Den 2015-10-22 17:54:44 skrev Shawn Heisey <ap...@elyograg.org>:

> On 10/22/2015 8:29 AM, Nikolay Shuyskiy wrote:
>> I imagined that I could, say, add two new nodes to SolrCloud, and split
>> shard so that two new shards ("halves" of the one being split) will be
>> created on those new nodes.
>>
>> Right now the only way to split shard in my situation I see is to create
>> two directories (shard_1_0 and shard_1_1) and mount new volumes onto
>> them *before* calling SPLITSHARD. Then I would be able to split shards,
>> and after adding two new nodes, these new shards will be replicated, and
>> I'll be able to clean up all the data on the first node.
>
> The reason that they must be on the same node is because index splitting
> is a *Lucene* operation, and Lucene has no knowledge of Solr nodes, only
> the one index on the one machine.
>
> Depending on the overall cloud distribution, one option *might* be to
> add a replica of the shard you want to split to one or more new nodes
> with plenty of disk space, and after it is replicated, delete it from
> any nodes where the disk is nearly full.  Then do the split operation,
> and once it's done, use ADDREPLICA/DELETEREPLICA to arrange everything
> the way you want it.
Thank you, that makes sense and is a usable alternative for us for the  
time being.
Probably we have to consider using implicit routing for the future so that  
we could add new nodes without dealing with splitting.

-- 
Yrs sincerely,
  Nikolay Shuyskiy

Re: Split shard onto new physical volumes

Posted by Shawn Heisey <ap...@elyograg.org>.
On 10/22/2015 8:29 AM, Nikolay Shuyskiy wrote:
> I imagined that I could, say, add two new nodes to SolrCloud, and split
> shard so that two new shards ("halves" of the one being split) will be
> created on those new nodes.
> 
> Right now the only way to split shard in my situation I see is to create
> two directories (shard_1_0 and shard_1_1) and mount new volumes onto
> them *before* calling SPLITSHARD. Then I would be able to split shards,
> and after adding two new nodes, these new shards will be replicated, and
> I'll be able to clean up all the data on the first node.

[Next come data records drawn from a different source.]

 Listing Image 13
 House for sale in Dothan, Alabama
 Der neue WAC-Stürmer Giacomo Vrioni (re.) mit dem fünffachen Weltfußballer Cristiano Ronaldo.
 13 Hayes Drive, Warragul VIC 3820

The reason that they must be on the same node is because index splitting
is a *Lucene* operation, and Lucene has no knowledge of Solr nodes, only
the one index on the one machine.

Depending on the overall cloud distribution, one option *might* be to
add a replica of the shard you want to split to one or more new nodes
with plenty of disk space, and after it is replicated, delete it from
any nodes where the disk is nearly full.  Then do the split operation,
and once it's done, use ADDREPLICA/DELETEREPLICA to arrange everything
the way you want it.

Thanks,
Shawn